Statistical analysis
The Log-rank (Mantel–Cox) test was used for survival analysis by GraphPad Prism 7.0. The link between SNORNAs’ expression and clinicopathologic features of ovarian cancer patients was assessed using the Chi square test and unpaired t test by SPSS Statistics 24.0 software. HRs were calculated using the Cox proportional hazard model, and 95% confidence intervals (CI) were also determined by SPSS Statistics 24.0 software. All other analyses were performed with GraphPad prism7.0 using unpaired t test. Differences were considered statistically significant when the P-value was < 0.05.
Results
Screening SNORNAs related to prognosis in ovarian cancer patients
To find which SNORNAs are related to poor prognosis of ovarian cancer, we used TCGA database to analyze the relationship between of SNORNAs expression and overall survival for 379 ovarian cancer patients. Finally, 4 SNORNAs (SNORA2B, SNORD19, SNORD116-4 and SNORD89) associated with poor prognosis of ovarian cancer were screened out by Kaplan–Meier analysis. Low expression of SNORA2B and SNORD19 is related to poor prognosis of ovarian cancer patients (Fig. 1a, c), and high expression of SNORD116-4 and SNORD89 is associated with poor prognosis of ovarian cancer patients (Fig. 1e, g). Next, we analyzed these four SNORNAs resort to SNORic database. Based on the retrieval of SNORic database, we found that SNORD89 was correlated with 178 mRNAs and participated in splicing of 43 mRNAs in ovarian cancer. SNORA2B, on the other hand, was correlated with only two mRNAs and not participated in mRNA splicing in ovarian cancer. SNORD19 is involved in splicing of 2 mRNAs and not correlated with any mRNA. Further, there is no information of SNORD116-4 in ovarian cancer in SNORic database.
TO avoid the influence of a small number of patients who survived for more than 5 years on survival curve differences, we set a 5-year cut-off data for survival to observe the effect of screened snoRNAs on patients’ prognosis. We found that only the SNORD89 dysregulation was significantly correlated with poor prognosis of patients (Fig. 1b, d, f, h). Thus, these results suggest that SNORA2B and SNORD19 may play roles as suppressor genes, while SNORD116-4 and SNORD89 as oncogenes in ovarian cancer.
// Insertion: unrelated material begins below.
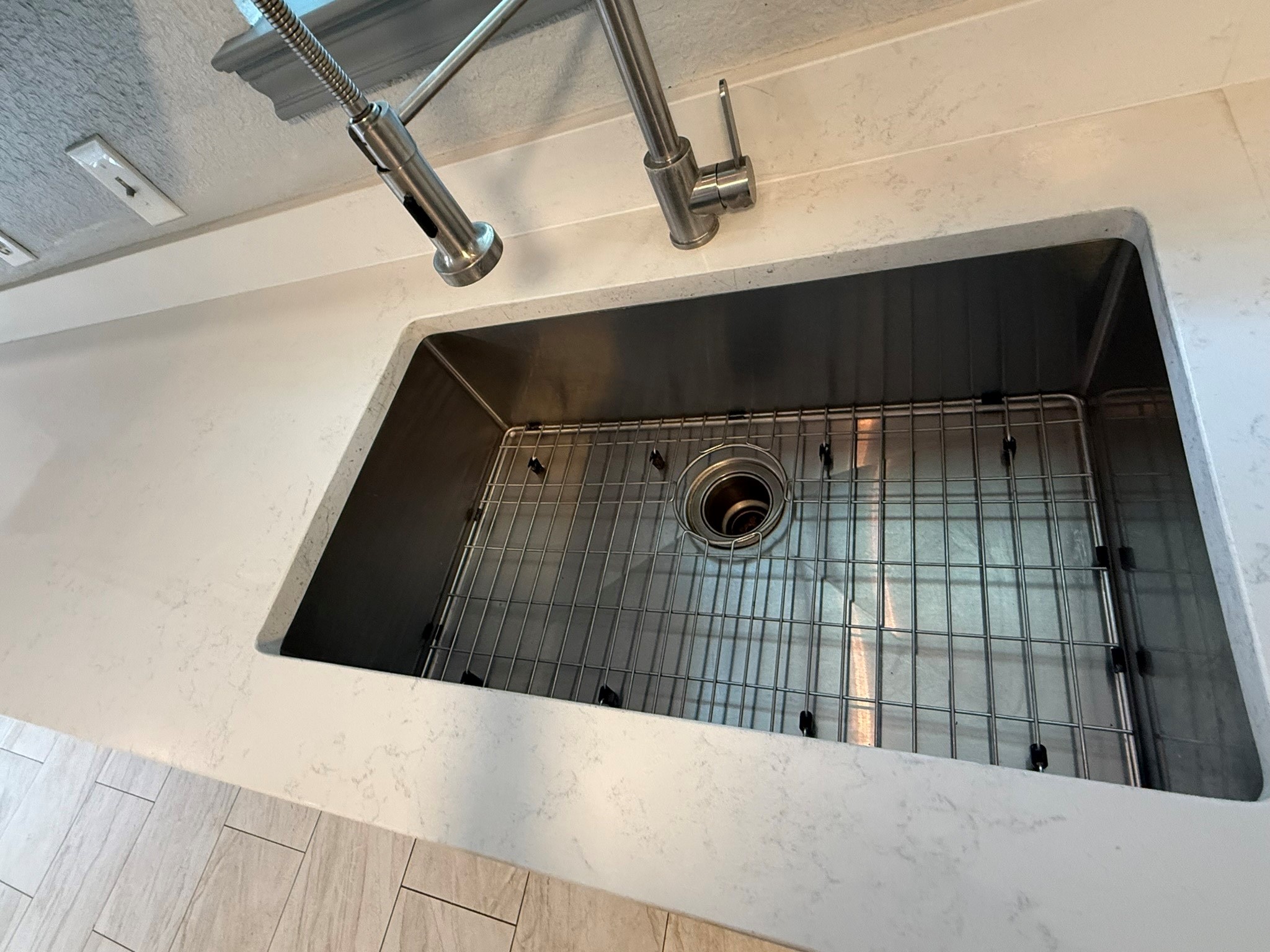 5525 Main Street Santa Fe, TX 77510 - Photo 11 of 36 Farmhouse sink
In order to comprehend the correlation between the oncogenes and poor prognosis of ovarian cancer patients, we further selected SNORD89 and SNORD116-4 for our study. The ovarian cancer patients in TCGA database are mainly in stage III and IV. Therefore, we analyzed the relationship between the expression of SNORD89, SNORD116-4 and prognosis of patients in stage III and IV. The survival curves showed that the expression of SNORD89 was an important prognostic factor in stage IV, and patients with high expression of SNORD89 have more poorly prognosis (Additional file 1: Figure S1a, b). Among the ovarian cancer patients in TCGA, 152 and 24 patients had high expression of SNORD116-4 in stage III and stage IV, 139 and 33 patients had low expression of SNORD116-4 in stage III and stage IV, respectively. The patients in stage III with high expression of SNORD116-4 have poor prognosis, however, patients in stage IV with high expression of SNORD116-4 have better prognosis, SNORD116-4 shows a trend for better survival in stage IV (Additional file 1: Figure S1c). These results suggest that SNORD116-4 has different effects on the prognosis of ovarian cancer in stage III and stage IV.
Moreover, we further confirmed that the prognosis of patients in stage IV was worse than that in stage III (Additional file 1: Figure S1d). Interestingly, this was reversed by the SNORD89 high expression. From the survival curve, we can see that the patients with SNORD89 high expression in stage III have worse prognosis than the patients with SNORD89 low expression in stage IV (Additional file 1: Figure S1e). In addition, we analyzed the effects of SNORD89, SNORD116-4 and stage on the 5-year survival of patients with ovarian cancer. Unlike the OS curves, SNORD116-4 had no significant effect on the 5-year survival of patients with stage III and IV, and, stage has a strong correlation with the 5-year survival of patients (Additional file 2: Figure S2). However, the prognosis of patients with high SNORD89 expression was worse than that of patients with low SNORD89 expression in OS and 5-year survival curves. The findings suggest that SNORD89 might have an important role in the progress of ovarian cancer.
Prognostic factors of ovarian cancer patients
The high expression of SNORD89 and SNORD116-4 predicts poor prognosis in ovarian cancer patients. We next analyzed the correlation between the two SNORNAs expression and the clinicopathologic features of ovarian cancer patients in TCGA database by Chi square test. We found that the expression of SNORD116-4 was not correlated with any clinicopathological parameters. However, the expression of SNORD89 was correlated with age (P = 0.03, Additional file 3: Table S1). We also found that the expression of SNORD89 was higher in elderly patients (P = 0.0202) and progressive disease (P = 0.0486) by unpaired t test (Additional file 4: Figure S3a, b).
In order to observe SNORD89 expression and the clinical factors affect the prognosis of ovarian cancer, the univariate and multivariate COX’s regression analysis were performed (Additional file 3: Tables S2 and S3). Univariate analysis showed that the expression of SNORD89, age, and tumor size was significantly associated with overall survival (OS), and age was also related to progression-free survival (PFS) of ovarian cancer patients. In addition, multivariate COX’s regression analysis revealed that race and venous invasion were independent predictors of OS, and venous invasion was also independent predictors of PFS in patients with ovarian cancer. Thus, SNORD89 expression may be associated with other factors affecting the prognosis of ovarian cancer patients.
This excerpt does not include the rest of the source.